The defending champions suffered a 19-run defeat against the hosts to miss out on a place in the semi-finals.
"Coming to the ground today, we had a good feeling that we could go far," said a disappointed Broad.
"I thought we had the power to go far in this tournament but, with a young side, you get good performances and you get some average ones."
England had given themselves a chance of qualifying for the semi-finals with an impressive
six-wicket win against New Zealand on Saturday,
but they fell short against Sri Lanka.
Samit Patel hit a maiden international T20 half-century, but Lasith Malinga claimed five wickets for the hosts, including three in one over.
Chasing Sri Lanka's 169-6, Patel scored a classy 67 but England finished on 150-9 after recovering from 18-3 in Pallekele.
England's batting at World T20
Luke Wright, aged 27, 193 runs at a 48.25 average
Eoin Morgan, 26, 140 at 35.00
Alex Hales, 23, 124 at 24.80
Samit Patel, 27, 67 at 67.00
Joss Buttler, 22, 40 at 13.33
Craig Kieswetter, 24, 39 at 9.75
Jonny Bairstow, 23, 38 at 9.50
"Our fielding hasn't been as good as it could have been, our death bowling let us down on the odd occasion and early wickets have hurt us," said Broad, who added that England must learn from their mistakes.
"We lost three wickets in an over today which really damaged us, but we have to look at the positives, too. Samit played an excellent knock, certainly against the spin, and Steven Finn's been fantastic for us in this tournament."
England began their campaign with an easy win over Afghanistan, but were crushed by 90 runs in their next game against India. A 15-run defeat against West Indies followed, before they gave themselves a chance of making the last four with a six-wicket win over New Zealand.
England's batting let them down against India, West Indies and Sri Lanka, but Broad sees a bright future for his team as they look to the next World Cup in 2014, which takes place in Bangladesh.
"I have learned that we have got a very exciting group of young guys," said Broad. "We have been a little bit too inconsistent but we are learning from every game and that is important."
Coach Andy Flower also maintains there are positives to take from the campaign, despite the early exit.

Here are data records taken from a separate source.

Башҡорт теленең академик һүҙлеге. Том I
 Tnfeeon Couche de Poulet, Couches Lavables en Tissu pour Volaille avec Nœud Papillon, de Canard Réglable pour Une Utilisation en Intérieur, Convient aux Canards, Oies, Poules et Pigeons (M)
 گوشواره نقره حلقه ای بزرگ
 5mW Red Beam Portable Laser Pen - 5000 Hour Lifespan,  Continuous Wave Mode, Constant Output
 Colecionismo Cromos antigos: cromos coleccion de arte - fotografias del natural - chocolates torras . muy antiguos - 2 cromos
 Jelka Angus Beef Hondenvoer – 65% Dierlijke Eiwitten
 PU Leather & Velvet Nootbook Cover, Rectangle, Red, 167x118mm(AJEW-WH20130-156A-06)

Flower said: "These young players would have got a great deal out of it but, as everyone knows, world tournaments aren't there for the learning curve, they are there to win and we haven't done that.
"I think the group of players we have here are a very talented bunch and very young. We probably lacked a little experience, certainly in the batting department, but some of the guys acquitted themselves very well."